Die Klage hat keinen Erfolg, da sie teilweise bereits unzulässig und im Übrigen unbegründet ist.

Der Verwaltungsrechtsweg gemäß § 40 Abs. 1 S. 1 Verwaltungsgerichtsordnung (- VwGO -) ist vorliegend eröffnet. Presseauskünfte durch Pressestellen der Staatsanwaltschaften sind funktional nicht der Strafermittlung und Strafverfolgung i.S.d. § 23 Abs. 1 S. 1 Einführungsgesetz zum Gerichtsverfassungsgesetz (- EGGVG -) zuzurechnen. Ihr Zweck ist vielmehr die Öffentlichkeitsarbeit, die dem allgemeinen öffentlichen Recht zuzuordnen ist (BVerwG, Urteil vom 14.4.1988 - 3 C 65/85, NJW 1989, 412 [413]; VG Frankfurt a.M., Beschluss vom 25.5.2001 – 1 G 2174/91, juris, Rn. 6; VG Berlin, Gerichtsbescheid vom 23.3.2010 – VG 1 K 914.09, S. 3 des amtlichen Entscheidungsabdrucks).

1. Soweit der Kläger die Feststellung begehrt, dass die ausdrückliche oder sinngemäße Unterrichtung von Medienvertretern durch die Staatsanwaltschaft Berlin über die gegen den Kläger erfolgte Anklageerhebung vor dem 13.1.2014 rechtswidrig war (Antrag zu 2.), ist die als Feststellungsklage gemäß § 43 Abs. 1 VwGO statthafte Klage bereits unzulässig. Es fehlt am Vorliegen eines Feststellungsinteresses im Sinne eines nach vernünftigen Erwägungen schutzwürdigen Interesses rechtlicher, wirtschaftlicher oder ideeller Natur.

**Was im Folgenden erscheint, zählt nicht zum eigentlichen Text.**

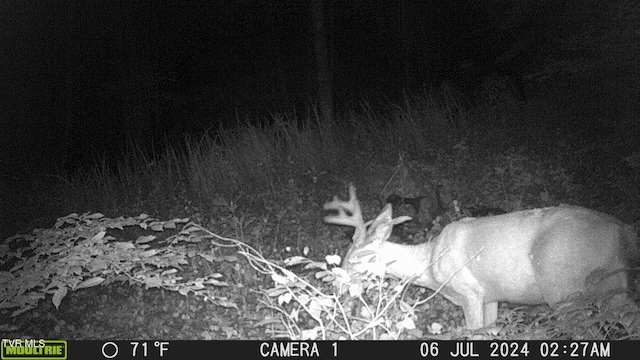 TBD Clinch Mountain Rd, Eidson, TN 37731 - photo 33
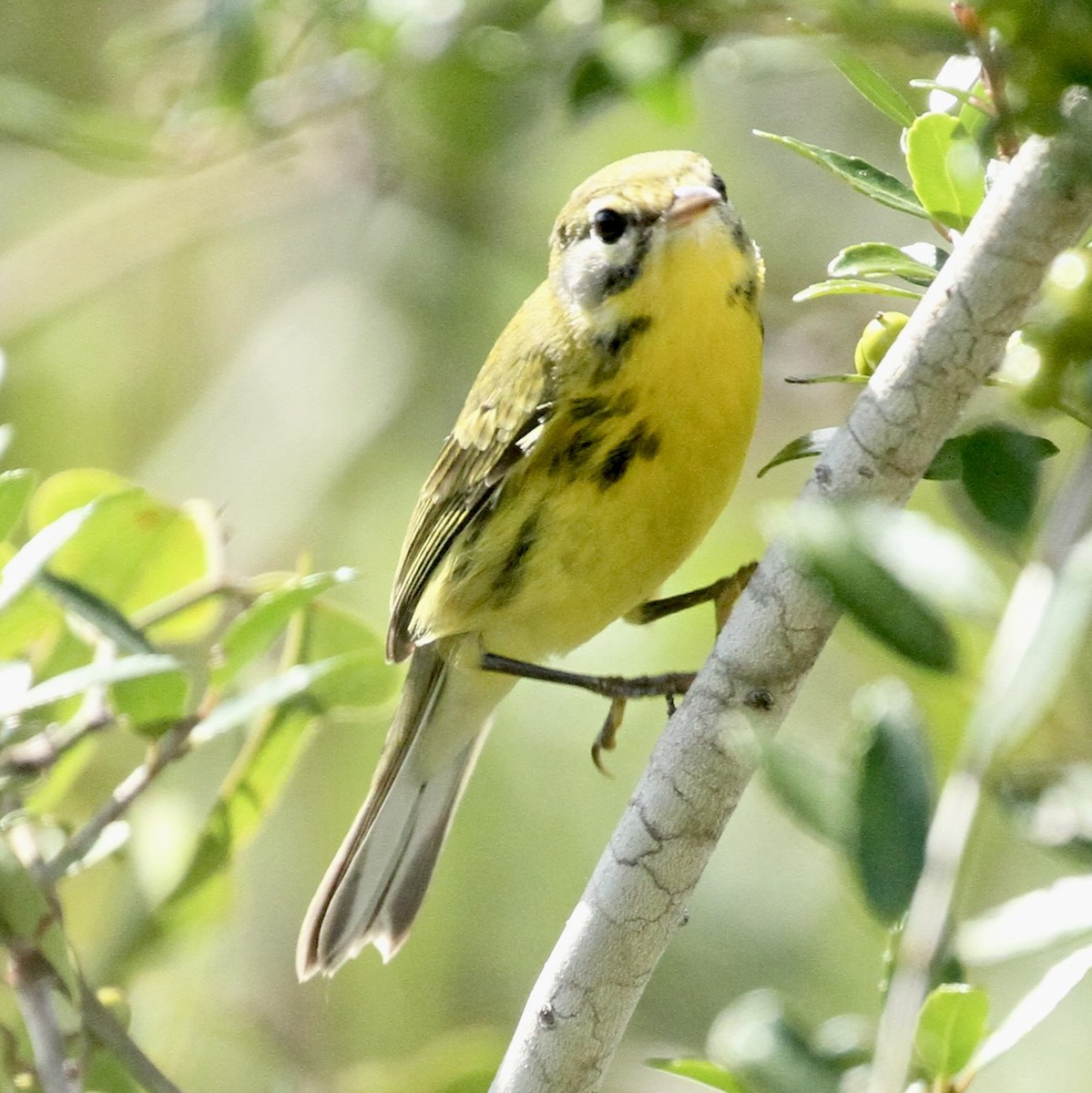 Prairie Warbler - ML621976467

Ein Interesse an einer Rehabilitierung des Klägers kann nicht geltend gemacht werden, da mit Abschlussverfügung der Staatsanwaltschaft vom 12.12.2013 gegen den Kläger tatsächlich Anklage erhoben wurde und die Berichterstattung in den Medien damit zutreffend war. Auch soweit die Klägerseite darauf abstellt, dass eine – ausdrückliche oder sinngemäße – Unterrichtung der Presse zu früh erfolgt ist, d.h. bevor die Anklage dem Kläger zugestellt war, kann daraus unter dem Gesichtspunkt eines tiefgreifenden, sich typischerweise kurzfristig erledigenden Grundrechtseingriffes (vgl. BVerfG, Beschluss vom 30.4.1997 - 2 BvR 817/90, NJW 1997, 2163 [2163 f.]) kein Feststellungsinteresse hergeleitet werden. Zwar erfordert das aus Art. 2 Abs. 1 Grundgesetz (- GG -) i.V.m. Art. 20 Abs. 3 GG folgende Grundrecht auf ein faires Verfahren (vgl. BVerfG, Beschluss vom 8.10.1974 - 2 BvR 747/73, BeckRS 9998, 106675), dass die Öffentlichkeit über die Tatsache einer Anklageerhebung erst informiert wird, wenn die Anklage dem Betroffenen zugestellt ist (VGH Kassel, Beschluss vom 15.10.2001 – 10 TZ 1734/01, juris, Rn. 3; VG Frankfurt a. M., Beschluss vom 25.5.2001 – 1 G 2174/01, juris, Rn. 9; LG Wiesbaden, Urteil vom 3.6.2015 – 10 O 80/12, NJW 2015, 2975 [2982]; vgl. auch Ziff. 23 Abs. 2 RiStBV). Sinn und Zweck dessen ist die Herstellung einer „Waffengleichheit“ zwischen der Strafverfolgungsbehörde und dem Beschuldigten. Der Beschuldigte soll in die Lage versetzt werden, unmittelbar im Anschluss an eine öffentliche Äußerung der Staatsanwaltschaft auf Nachfragen von Medienvertretern fundiert antworten zu können (VGH Kassel, Beschluss vom 15.10.2001 – 10 TZ 1734/01, juris, Rn. 3; LG Wiesbaden, Urteil vom 3.6.2015 – 10 O 80/12, NJW 2015, 2975 [2982]).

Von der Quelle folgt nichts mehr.